Start of RECORDS FOR THE EXERCISE
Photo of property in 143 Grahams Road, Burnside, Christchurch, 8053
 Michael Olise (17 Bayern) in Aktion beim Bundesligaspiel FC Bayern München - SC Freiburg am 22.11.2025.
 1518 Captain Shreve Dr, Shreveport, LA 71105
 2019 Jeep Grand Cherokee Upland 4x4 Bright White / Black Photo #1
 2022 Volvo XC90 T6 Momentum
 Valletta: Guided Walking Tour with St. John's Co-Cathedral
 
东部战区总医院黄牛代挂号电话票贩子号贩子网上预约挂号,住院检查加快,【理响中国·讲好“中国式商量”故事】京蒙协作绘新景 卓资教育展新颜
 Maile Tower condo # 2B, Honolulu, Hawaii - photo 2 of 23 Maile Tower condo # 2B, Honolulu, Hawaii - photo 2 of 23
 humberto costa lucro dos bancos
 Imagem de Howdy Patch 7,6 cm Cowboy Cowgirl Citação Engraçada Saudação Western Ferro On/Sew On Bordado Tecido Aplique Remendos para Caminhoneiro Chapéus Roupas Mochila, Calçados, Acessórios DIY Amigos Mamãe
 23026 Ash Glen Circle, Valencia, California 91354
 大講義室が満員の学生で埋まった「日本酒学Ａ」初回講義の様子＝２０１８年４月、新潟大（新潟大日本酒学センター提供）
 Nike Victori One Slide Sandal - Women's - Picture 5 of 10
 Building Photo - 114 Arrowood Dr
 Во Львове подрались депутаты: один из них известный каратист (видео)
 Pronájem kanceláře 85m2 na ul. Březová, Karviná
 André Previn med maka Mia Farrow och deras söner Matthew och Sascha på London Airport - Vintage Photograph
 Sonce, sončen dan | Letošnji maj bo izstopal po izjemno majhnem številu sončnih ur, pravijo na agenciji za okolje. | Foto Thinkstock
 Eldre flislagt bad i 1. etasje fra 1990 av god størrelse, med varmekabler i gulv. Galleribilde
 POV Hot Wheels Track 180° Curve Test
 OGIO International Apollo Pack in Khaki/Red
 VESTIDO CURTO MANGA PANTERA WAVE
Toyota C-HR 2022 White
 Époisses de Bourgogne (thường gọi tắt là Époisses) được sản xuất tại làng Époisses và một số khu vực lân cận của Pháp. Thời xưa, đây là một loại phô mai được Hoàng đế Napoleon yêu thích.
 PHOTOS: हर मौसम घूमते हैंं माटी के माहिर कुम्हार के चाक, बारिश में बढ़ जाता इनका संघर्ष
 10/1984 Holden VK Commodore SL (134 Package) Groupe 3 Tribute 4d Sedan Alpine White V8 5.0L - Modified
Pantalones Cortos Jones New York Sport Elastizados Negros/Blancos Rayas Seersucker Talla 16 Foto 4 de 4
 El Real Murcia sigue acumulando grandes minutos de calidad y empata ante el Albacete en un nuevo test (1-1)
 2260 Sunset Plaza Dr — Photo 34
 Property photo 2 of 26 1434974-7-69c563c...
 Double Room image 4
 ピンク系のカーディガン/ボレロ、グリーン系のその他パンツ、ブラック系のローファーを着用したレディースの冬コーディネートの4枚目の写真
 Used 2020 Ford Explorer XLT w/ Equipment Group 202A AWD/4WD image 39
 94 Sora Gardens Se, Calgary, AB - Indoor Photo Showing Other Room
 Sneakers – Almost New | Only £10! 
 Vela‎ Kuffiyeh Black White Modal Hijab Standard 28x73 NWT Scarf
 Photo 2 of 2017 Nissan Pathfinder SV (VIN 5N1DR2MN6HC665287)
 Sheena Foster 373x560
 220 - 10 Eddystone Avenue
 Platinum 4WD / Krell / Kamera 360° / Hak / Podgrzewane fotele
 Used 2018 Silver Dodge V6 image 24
End of RECORDS FOR THE EXERCISE
__INSTRUCTIONS TO FOLLOW__. For this exercise, output exactly the lines above from the line with "Pantalones Cortos Jones" to the line with "2260 Sunset Plaza Dr — Photo 34", counting both, and leave out the rest.

__RESULT OF THIS EXERCISE__.
Pantalones Cortos Jones New York Sport Elastizados Negros/Blancos Rayas Seersucker Talla 16 Foto 4 de 4
 El Real Murcia sigue acumulando grandes minutos de calidad y empata ante el Albacete en un nuevo test (1-1)
 2260 Sunset Plaza Dr — Photo 34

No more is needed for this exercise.